Seton Hall’s gay marriage class — the one that had Newark’s Catholic Archbishop John J. Myers (pictured, top) dry heaving — was not taken off the school’s course list as conservative administrators had hoped. Instead, “Special Topics in Political Theory: Gay Marriage” has been meeting twice a week as scheduled, with openly gay prof W. King Mott (pictured, below) leading his charges. And Jesus has yet to turn the quad into a place to slaughter thy first born.
After weeks of death threats and hate mail from Catholics around the country, the lunatics were evidently distracted by Democrats ruining the country and have managed to lay off a school they have no investment in.
Most of the tension that surrounded the first few weeks of class has disappeared.

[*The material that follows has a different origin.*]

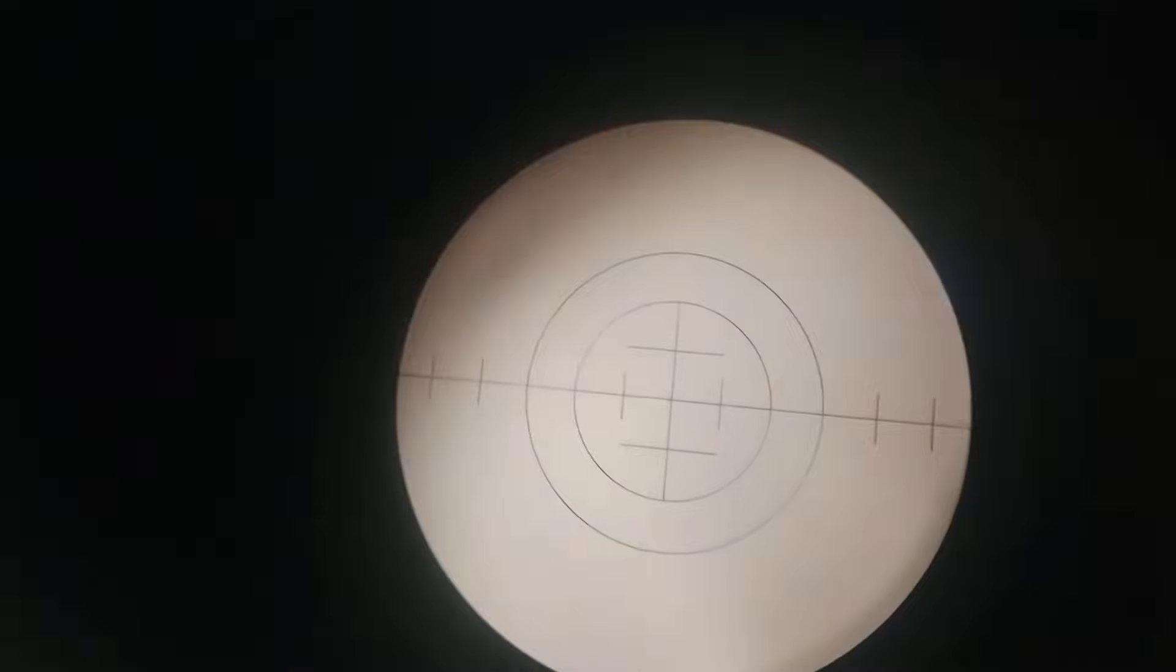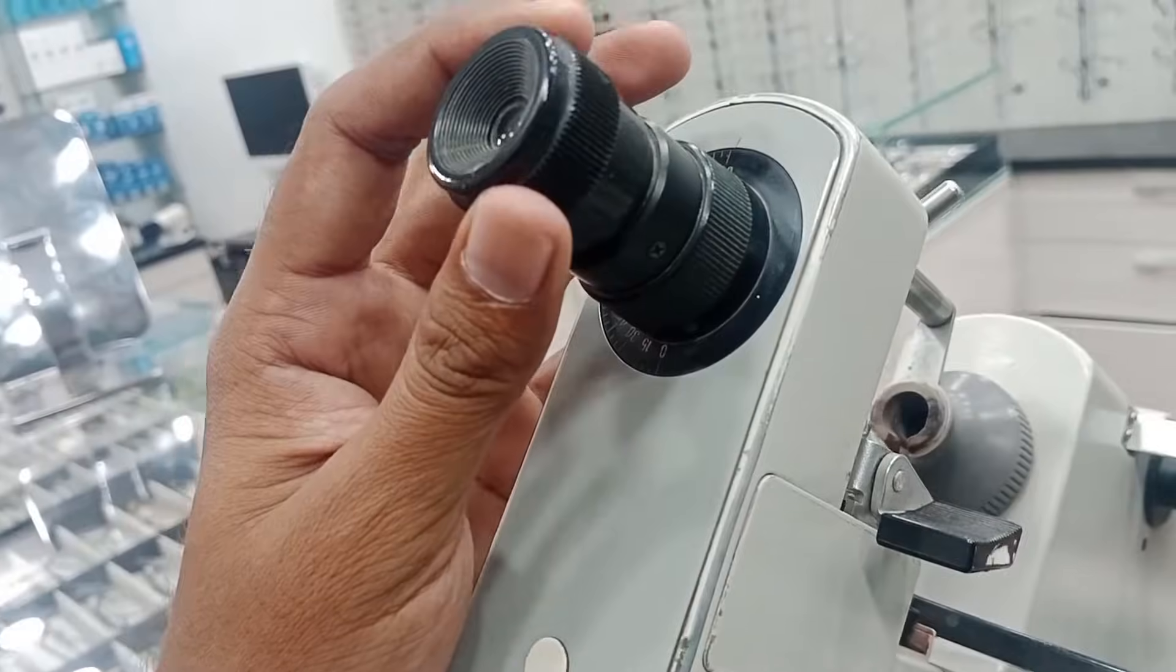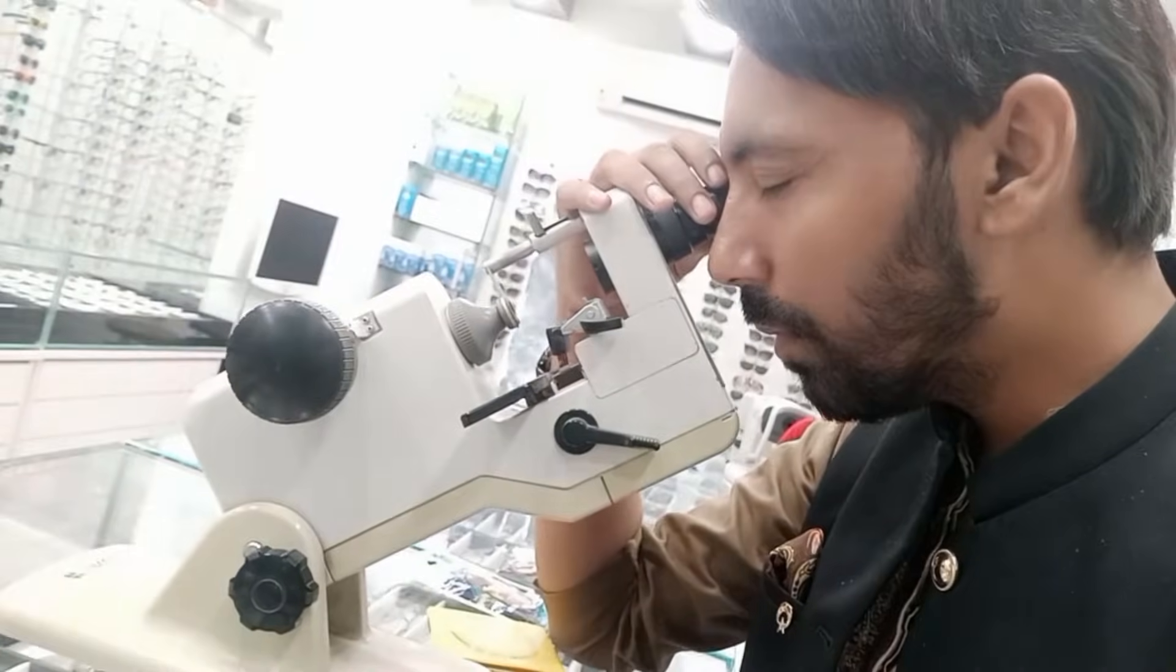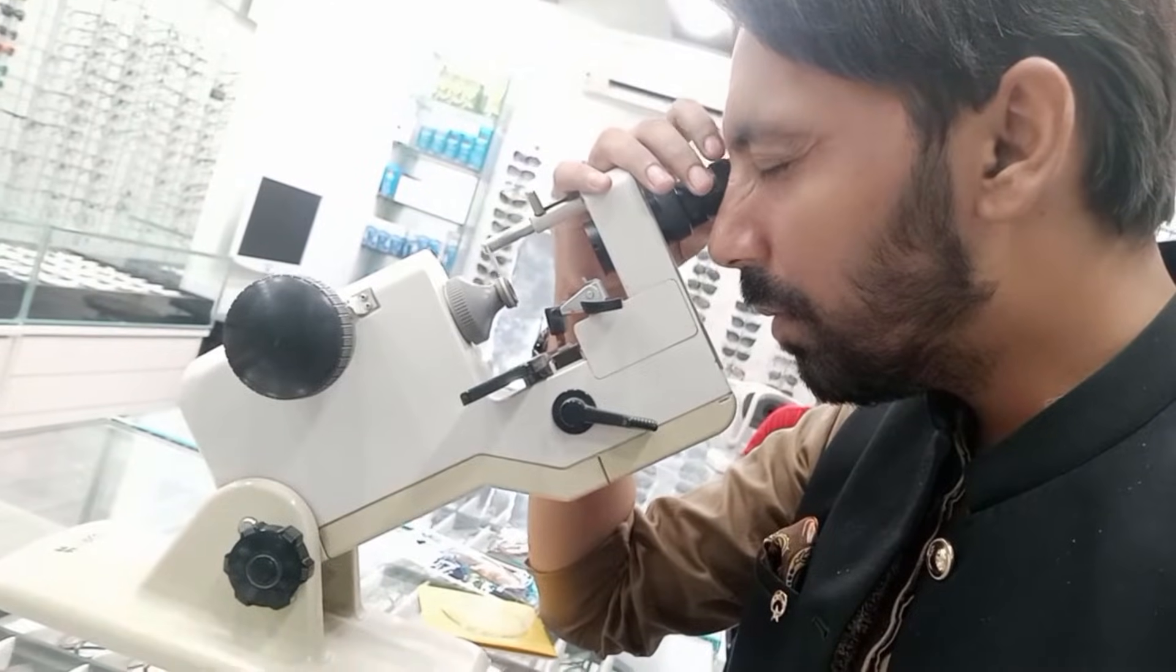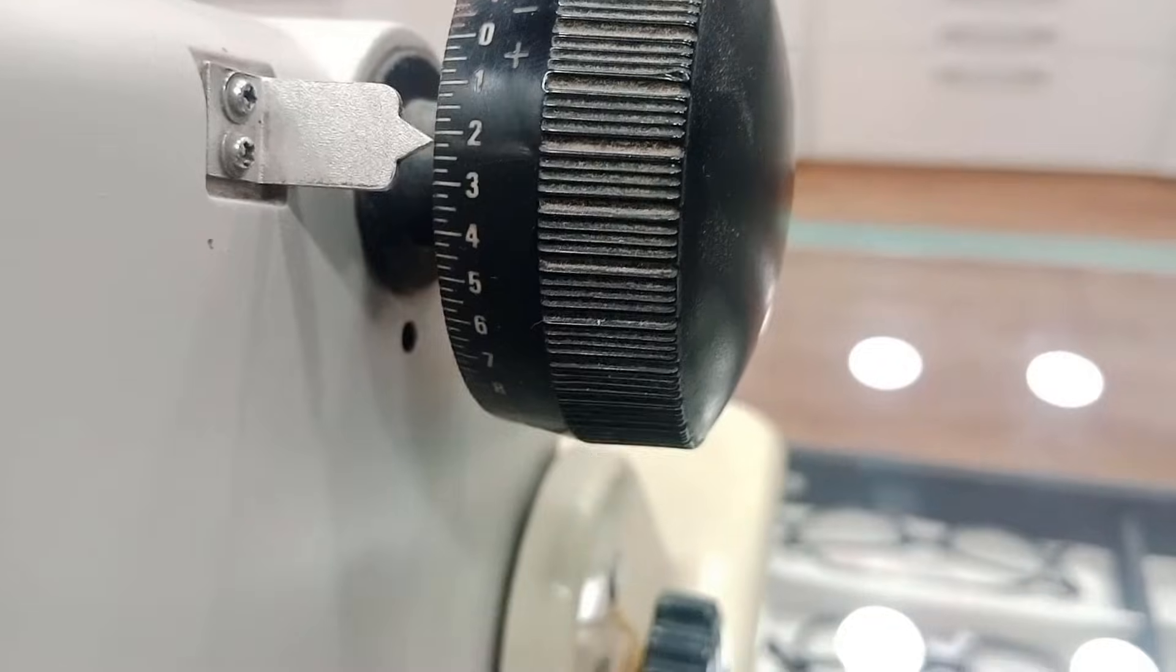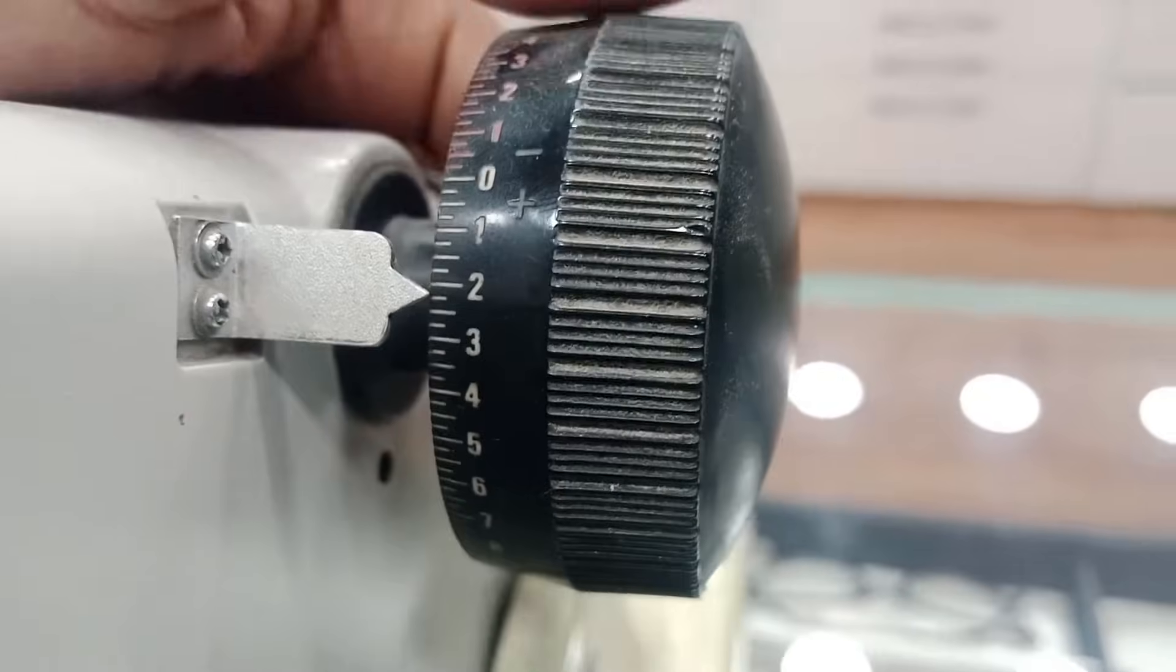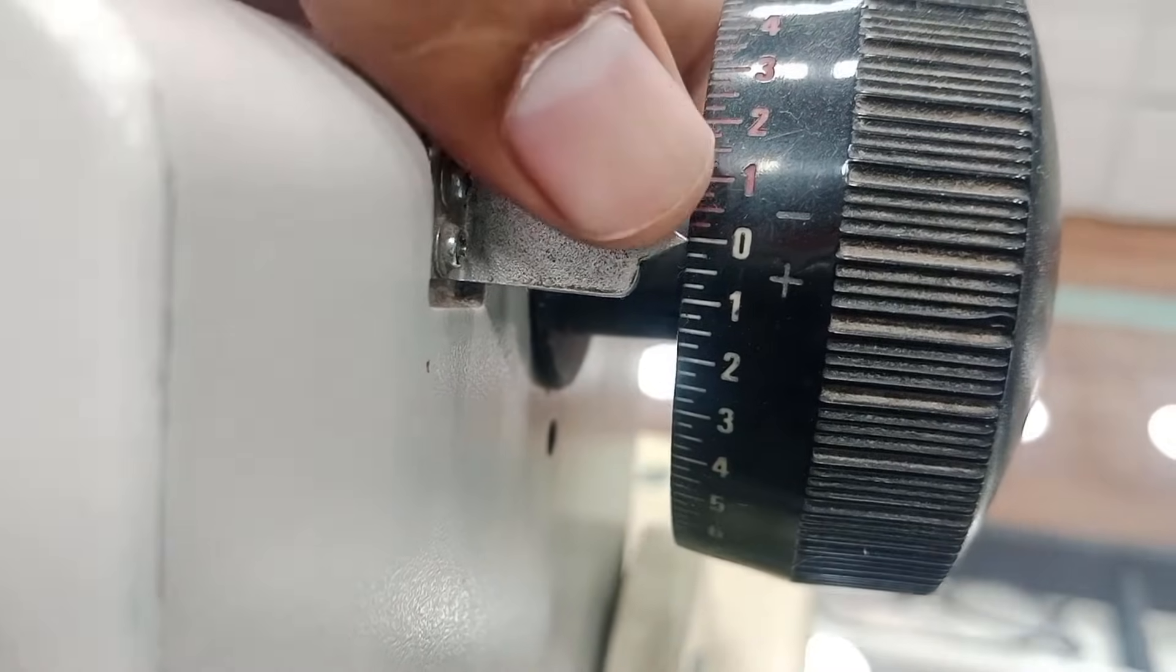Let's have a look inside. This is the graticule, and you can clear the graticule with the eyepiece. First of all, you have to clear the graticule inside by rotating the eyepiece, and your power dial should be at zero before starting the lensometry.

The security guard who stood outside the door the first week is gone. The death threats against the professor have died down. But a few students still haven’t told their families they are taking Seton Hall’s most talked-about and controversial course. “A couple of students said they are not going to tell their parents they are taking a class like this because they don’t want the controversy,” said W. King Mott, the associate professor teaching the course. “But it’s a very lively class.”
[…] Students have read several books on the history of marriage and studied the gay marriage court case in California. They will end the semester by taking a final exam and writing an ethnography — a paper describing what it was like for them to take the controversial class. Mott hopes to have the student papers published. The course also has included guest lecturers, including a speaker who is in a gay marriage and an attorney who deals with legal issues related to same-sex unions. Hudson Taylor, an assistant wrestling coach at Columbia University and an activist for gay equality in college sports [Ed: And this guy], spoke to the class last month. The former All-American wrestler lectured about being a heterosexual athlete working in the gay rights movement. “It was a great experience to be able to sit down, to really get some insight and perspective on what these kids’ questions are,” Taylor said.
And if this doesn’t give the willies, I don’t know what will: THE CLASS IS RETURNING NEXT SEMESTER!! And according to university rules, if a special class like Homosexual Marriage is taught three times, it can be turned into a permanent class. What if it becomes a requirement! [New Jersey Star-Ledger]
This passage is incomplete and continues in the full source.